Sun, Microsoft make Java license public (1997)
Boston (October 15, 1997) -- Microsoft Corp. and Sun Microsystems Inc. today posted their disputed Java licensing agreement on their respective Web sites (see sidebar below), where the technology giants also traded barbs in the latest round of their ongoing dispute.
Sun yesterday also filed an amended complaint to its lawsuit against Microsoft. Sun is seeking $35 million in damages for Microsoft's alleged illegal distribution of the Sun source code in the beta version of the Microsoft Software Development Kit for Java. The damage amount was specified in the licensing agreement in the event that Sun alleged a violation.
Sun contends that Microsoft's Internet Explorer browser and the development kit are not fully Java-compatible, which violates the licensing agreement signed in March 1996.
The original lawsuit was filed last week and alleges trademark infringement, false advertising, breach of contract, unfair competition, interference with prospective economic advantage and inducing breach of contract.
Microsoft's Web site suggests that Sun sought to keep the Java licensing agreement secret, while Microsoft wanted it to be made public.
"That's an absolute lie," said John Loiacono, director of marketing strategy and branding at Sun. Both companies agreed to keep the agreement confidential, so Sun filed it in court as a sealed document, he said. Since the lawsuit was filed, both companies agreed to make it public and specified today as the date for doing so, he said.
Microsoft did not return a phone call seeking comment, but the Microsoft Web site says the company asked Sun to unseal the document. Sun, according to the Microsoft Web site, "selectively revealed and paraphrased parts of the agreement" in its lawsuit.

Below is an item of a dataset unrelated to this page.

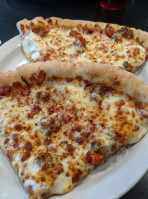 Minsky's Pizza food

"Given that Sun has been attempting to argue the case in the court of public opinion, it was important to make sure that the entire contract was revealed, not just the individual sections that Sun has already disclosed," the Microsoft Web site says under a question-and-answer section regarding the licensing agreement.
The Sun Web site suggests that Netscape Navigator, a browser that has more marketshare than Internet Explorer 4.0, is "the best choice for end users who want to be sure they can always run Java."
The text of the amended complaint, the licensing agreement and other information about the ongoing dispute with Microsoft may be obtained on Sun's Web site at java.sun.com/announcement. Microsoft's statements regarding the dispute and a copy of the licensing agreement are also available on its Web site at www.microsoft.com/corpinfo/.